Some analysts, the Financial Timesnotes, argue that there is more to the argument than distraction, suggesting that forces in the unreformed security services that underpinned the Mubarak regime could be laying the ground for an attempt to torpedo the country’s political transition.
The Egyptian authorities have accused the non-governmental organizations of interfering in the country’s domestic political affairs, even suggesting that they were engaged in espionage and fomenting chaos. Such charges reflect, at best, a misunderstanding about democracy assistance, if not a deeply entrenched conspiratorial approach to politics, analysts suggest.
“There needs to be a recognition that a robust and free civil society is just as important to the democratization process as are free elections,” said Michelle Dunne, an Egypt specialist at the Washington-based Atlantic Council. “These kinds of NGO’s are trying to do the work in Egypt that they do all over the world. There is nothing unusual or suspicious about the work that either the American of Egyptian NGO’s are doing.”
Egypt’s Muslim Brotherhood has endorsed the crackdown on the NGOs, forming a common front with other illiberal forces amongst the military and former regime elements.
“The Muslim Brotherhood, which continues to maintain strong links with the military rulers despite occasional tiffs, is at pains to further enhance its popularity among ordinary Egyptians who view this issue as a matter of dignity,” said Sharif Mansour, a political expert.
“The Brotherhood is grateful to the [ruling] military council for all these once-undreamed-of gains,” said Mansour. “The dispute between the military and the US provides a chance for the group to show gratitude to the army generals and ease pressure on them in the streets by portraying them as defending the nation’s dignity.”
But such an opportunistic alliance will not be enough to prevent a looming power struggle between the Islamists and military, other suggest.
“They [the military and security] believe the whole revolution was a conspiracy involving the Brotherhood. They are unlikely to hand over the state to the Brotherhood conspirators,” said Fishere.

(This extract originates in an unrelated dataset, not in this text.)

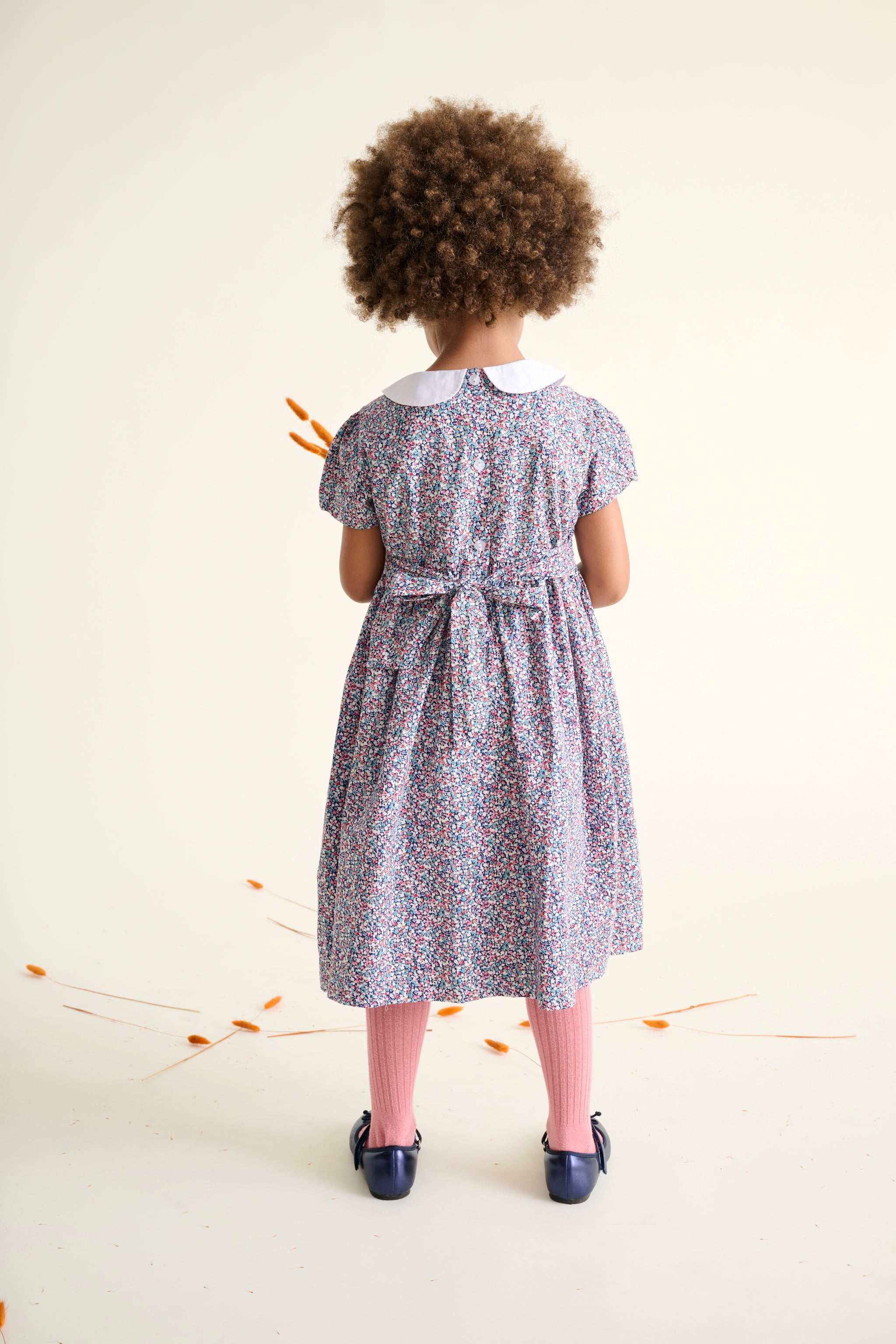 back view of child wearing a floral dress with a white collar against a plain background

Some administration officials fear that ending U.S. assistance programs a year after Mubarak’s ouster would send the wrong signals about Washington’s support for Arab democracy.
“I am always reluctant to come to the stark conclusion about cutting aid,” Dempsey told a congressional panel Thursday. “Cutting off aid and therefore cutting ourselves off from them means that the next generation won’t have that benefit, and I don’t know where that takes us, to tell you the truth.”
But there is “a middle way” that allows Washington to use a key “pressure point” within the aid package “that preserves influence in Cairo while still showing the will to act when red lines are crossed,” according to Gabriel Kohan, a former Israel Government Fellow and Mark Doing, a former Dean’s Fellow at Herzliya’s Program for the Diplomatic Corps.
“Leverage is gained in order to be used,” they write. By cutting the U.S.-Egyptian co-production of M1 Abrams tanks – ”the program of paramount importance and prestige” to the SCAF – Washington would send key messages not only to Cairo but the wider region:
The overarching theme of these messages – that the United States will respond when other countries cross red lines – is of crucial importance not only to the United States’ interests in Egypt, but to its broader policy objectives across the Middle East, particularly as Iran swiftly approaches nuclear capability. No matter how events develop in Egypt, Iranian leadership will be watching with a keen eye to see if the United States is willing to carry out threats against foreign actions anathema to its interests. It is incumbent that the Administration send a message for all to see that when Egypt, or any country, crosses a red line, the United States is prepared to respond with precision and severity.